Do you have either the RCD or RC mini connected to the 6to8 as that would allow you to control sub volume from the 6to8. For a zero3 you need the Mos_RTC not the RTC and I believe it controls input voltage from rca input.


----------



## DPGstereo (Jan 16, 2013)

I can use either the Mosconi *RC Mini* to control the DSP, one function being subwoofer volume.

Or use the *RTC-MOS* that plugs into the Zero 3 amp.

Question is, how do each work? Specifically, how would each effect the Input Gain level of the Zero 3?

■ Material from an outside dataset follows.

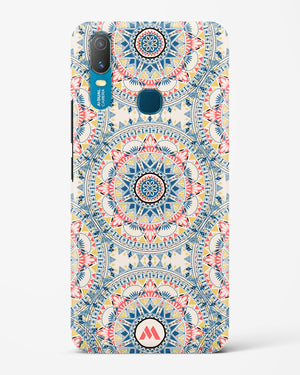 Boho Stars Hard Case Phone Cover-(Vivo)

1. It was first recommended to me to use the Mosconi *RTC-MOS* that plugs into Zero 3 amp (RJ-45 phone plug) over using a sub volume control with RCA In's and Outs. With the *RTC-MOS*, is sub volume knob raising and lowering _Input Gain_ on Zero 3 amp?

2. Then we discussed the ability to have quick access to different tunes of the 6to8 Aerospace, using the Mosconi *RC Mini*. Which also has a feature to control _subwoofer volume_. However, this option, seems like the same as using any sub volume with RCA In's and Outs. Raising and lowering Input Gain of the Zero 3 amp?

*Just asking about how each effects the Input Gain of the Zero 3 amp?*


----------



## DPGstereo (Jan 16, 2013)

The whole thing is about optimum signal level matching from source, dsp and amp.
If I use, say a DD-1, to match/optimize signals..

then use a separate subwoofer control, the gain on subwoofer amp is no longer correct?


----------



## DPGstereo (Jan 16, 2013)

Anyone know?

Help please...


----------



## Hammer1 (Jan 30, 2011)

DPGstereo said:


> The whole thing is about optimum signal level matching from source, dsp and amp.
> If I use, say a DD-1, to match/optimize signals..
> 
> then use a separate subwoofer control, the gain on subwoofer amp is no longer correct?


You would set either the RC mini or the RTC to max then set your gains. Then when you use the RTC to lower sub volume you wont be over driving amp


----------



## DPGstereo (Jan 16, 2013)

Thanks man. I'm trying to understand the gain structure of the Mosconi Zero 3.


----------